Penner, da Susep, lembra que esses planos em que o benefício é definido, além de não serem mais vendidos há algum tempo, são residuais. Dados da Fenaprevi mostram que do total de 8,9 milhões de participantes do sistema de previdência aberta no país, não mais de 1,5 milhão de pessoas têm planos tradicionais. Em termos de volume, os planos tradicionais reuniam R$ 30,9 bilhões em recursos acumulados pelos participantes em setembro, de um total de R$ 135,8 bilhões do setor.

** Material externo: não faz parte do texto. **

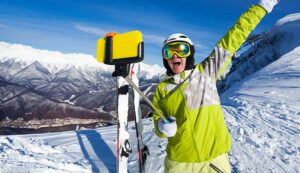10_Best_Cameras_For_Skiing_In_2019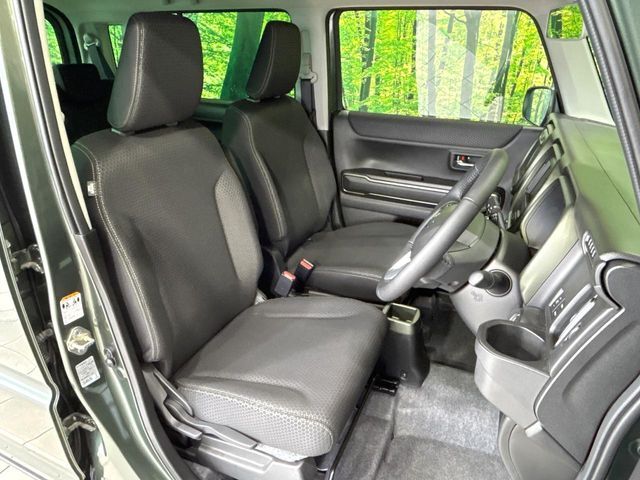 運転席シート廻りは使用感も少なく、良好な状態となっています。丁寧に使われていたことがよくわかりますね。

Além disso, destaca o presidente da Brasilprev, Tarcísio Godoy, a maior parte dos planos tradicionais está em fase de captação, o que minimiza o risco de colapso de seguradoras por conta de pagamento de benefícios. “A regulação atual também exige que se façam provisões para futuros beneficiários.” Santos, da Fenaprevi, conta que os planos tradicionais estão relativamente protegidos. “Ao longo dos últimos dez anos, o governo emitiu papéis indexados ao IGP-M com prazos de 30, 40 anos, que foram comprados na maioria por seguradoras”, diz o executivo, também presidente da Mapfre.

Outro ponto importante, afirma Santos, é que as regras para aplicação de recursos de planos tradicionais são ainda mais rígidas. Tanto na fase de acumulação quanto na de benefício, o investimento em ações está limitado a 7% do total de recursos da conta geral da seguradora. No caso dos PGBLs e VGBLs, os 7% só valem para a aplicação das reservas comprometidas com o pagamento do benefício.

A previdência privada aberta no Brasil é ainda jovem. “O percentual de reservas atribuídas para o pagamento de benefícios hoje, independente do plano, é mínimo (cerca de 3%, segundo a Fenaprevi)”, afirma Godoy, da Brasilprev. Ele lembra ainda que os recursos aplicados em PGBLs e VGBLs entram na seguradora em caixas separadas das que recebem os aportes de planos tradicionais. “É impossível arbitrar entre produtos.”